Insomma c'è una sorta "galateo" in Tribunale secondo cui gli avvocati dovrebbero vestire sempre con giacca e cravatta, ma nelle torride settimane di Luglio e di Agosto, questo potrebbe comportare qualche problemuccio anche perché, è vero che nelle aule farà fresco, ma in qualche modo il tribunale va pur sempre raggiunto e certi passaggi continui dal caldo al freddo sono sconsigliati persino dal Ministero della Salute.
Che l'abito non faccia il monaco è risaputo, ma nelle aule dei tribunali il concetto sembra tenuto nel scacco da una sorta di credenza arcaica da cui sembra davvero difficile sottrarsi. 

Certo, a parte il caldo estivo, potrebbe aver contribuito a inasprire la "pena" della giacca a tutti i costi, una moda di nuova generazione che negli ultimi anni ha contraddistinto lanciatissimi negozi fashion delle grandi città e che ha scandalizzato i più "puritani". 

Spesso nei tribunali alcuni magistrati hanno una vera e propria fobia verso l'abito estivo che giudicano indecoroso soltanto perché un pò troppo alla moda. E non so fino a che punto questa convinzione tragga origine da una riflessione individuale o da un'eredità  culturale che non hanno mai voluto mettere in discussione. Sta di fatto che proprio sulla base di pregiudizio irrazionale, basano la loro condanna "morale" nei confronti della libertà dei costumi dimostrando così, come scriveva Nietzsche, di essere "spiritualmente limitati".
Ma a questo punto quello che dovremmo chiederci è se ha davvero senso, con tutti i problemi che affliggono la giustizia in Italia, preoccuparsi di come vestono gli avvocati.

Oggi abbiamo a che fare con un sistema giudiziario caratterizzato da una lentezza disarmante e da un incremento di errori spesso grossolani, da una scarsa attenzione verso le parti e da una preoccupante superficialità nel decidere le controversie.

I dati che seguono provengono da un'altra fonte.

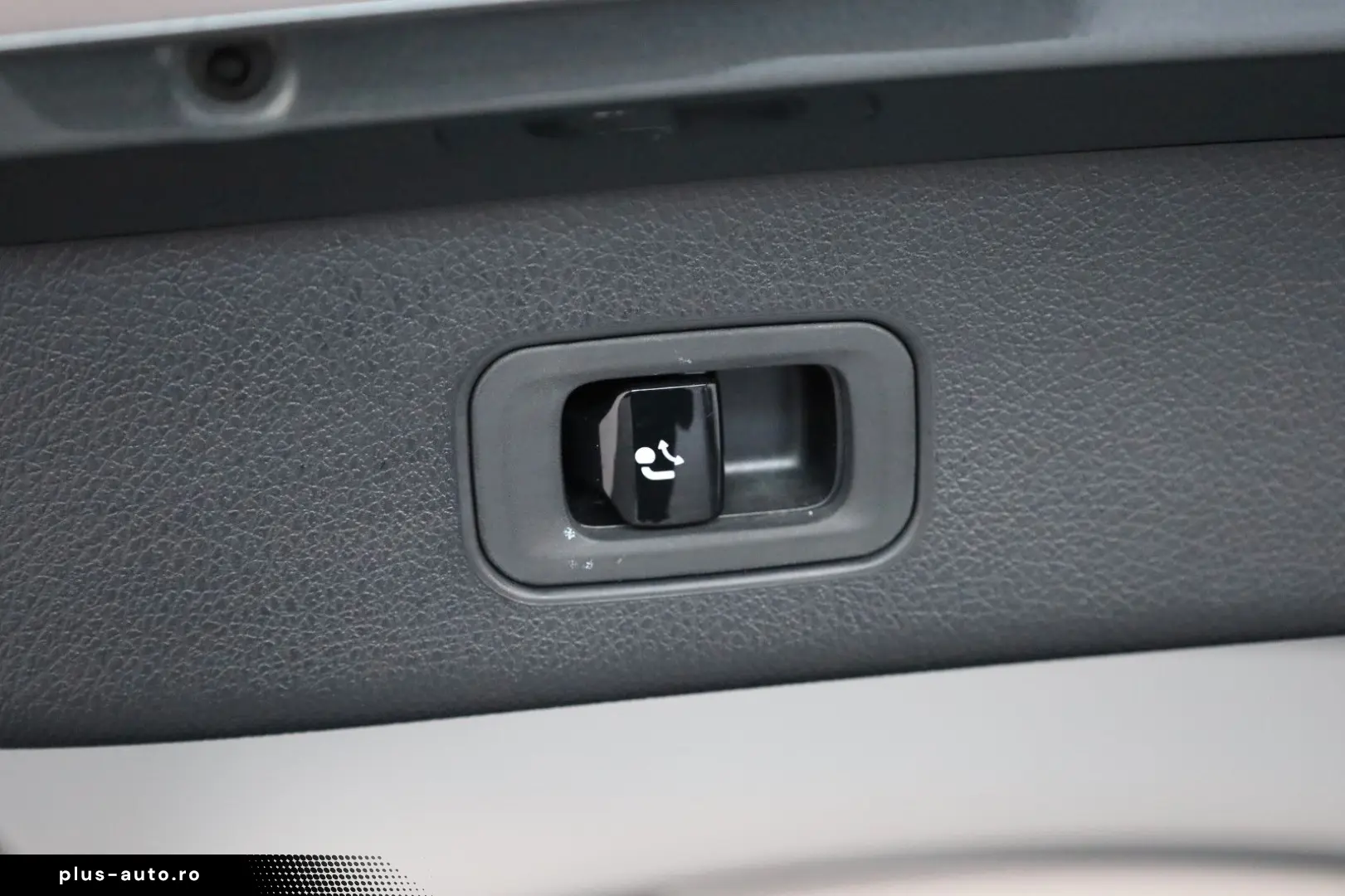 MERCEDES-BENZ GLC 220d 4M Leder Navi LED Kamera Park&hellip;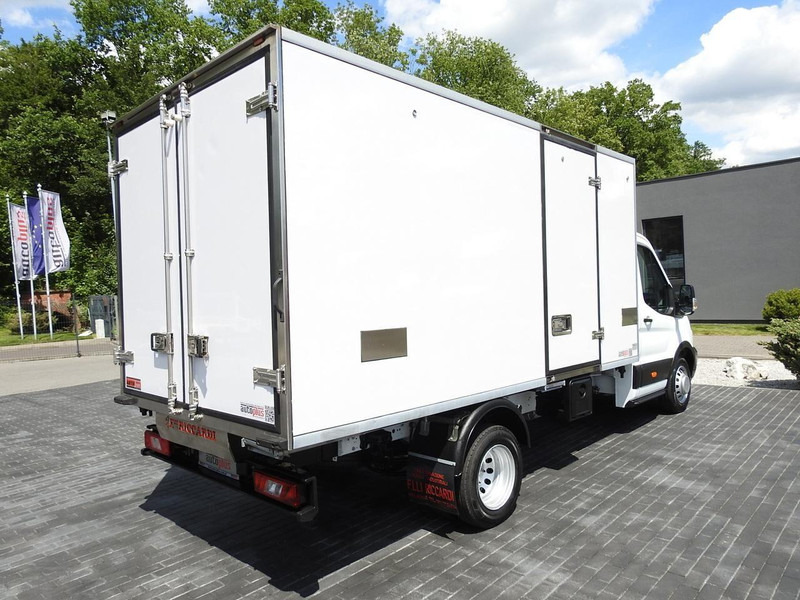 Ford TRANSIT CHŁODNIA KONTENER 0*C ZASILANIE 230V TEMPOMAT KLIMATYZAC - Furgoneta frigorifica: foto 3 Ford TRANSIT CHŁODNIA KONTENER 0*C ZASILANIE 230V TEMPOMAT KLIMATYZAC - Furgoneta frigorifica: foto 3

E in questo scenario ciò che è davvero indecoroso è puntare il dito contro un avvocato che vuole semplicemente vestire in modo da sentirsi a proprio agio.

Forse sarebbe meglio comprendere, che il vero decoro di un avvocato non è quello che può emergere dall'abito che indossa ma quello che dimostra dalla correttezza del suo lavoro, dalla professionalità con cui affronta il contenzioso, da come sa mostrare rispetto verso le parti e i propri avversari.
E a chi fosse ancora convinto che la possibilità di scegliere liberamente come vestirsi sia contrario al decoro, vorrei ricordare le parole di Émilie du Châtelet: chi raccomanda agli altri di soffocare i propri desideri non conosce affatto il cammino della felicità.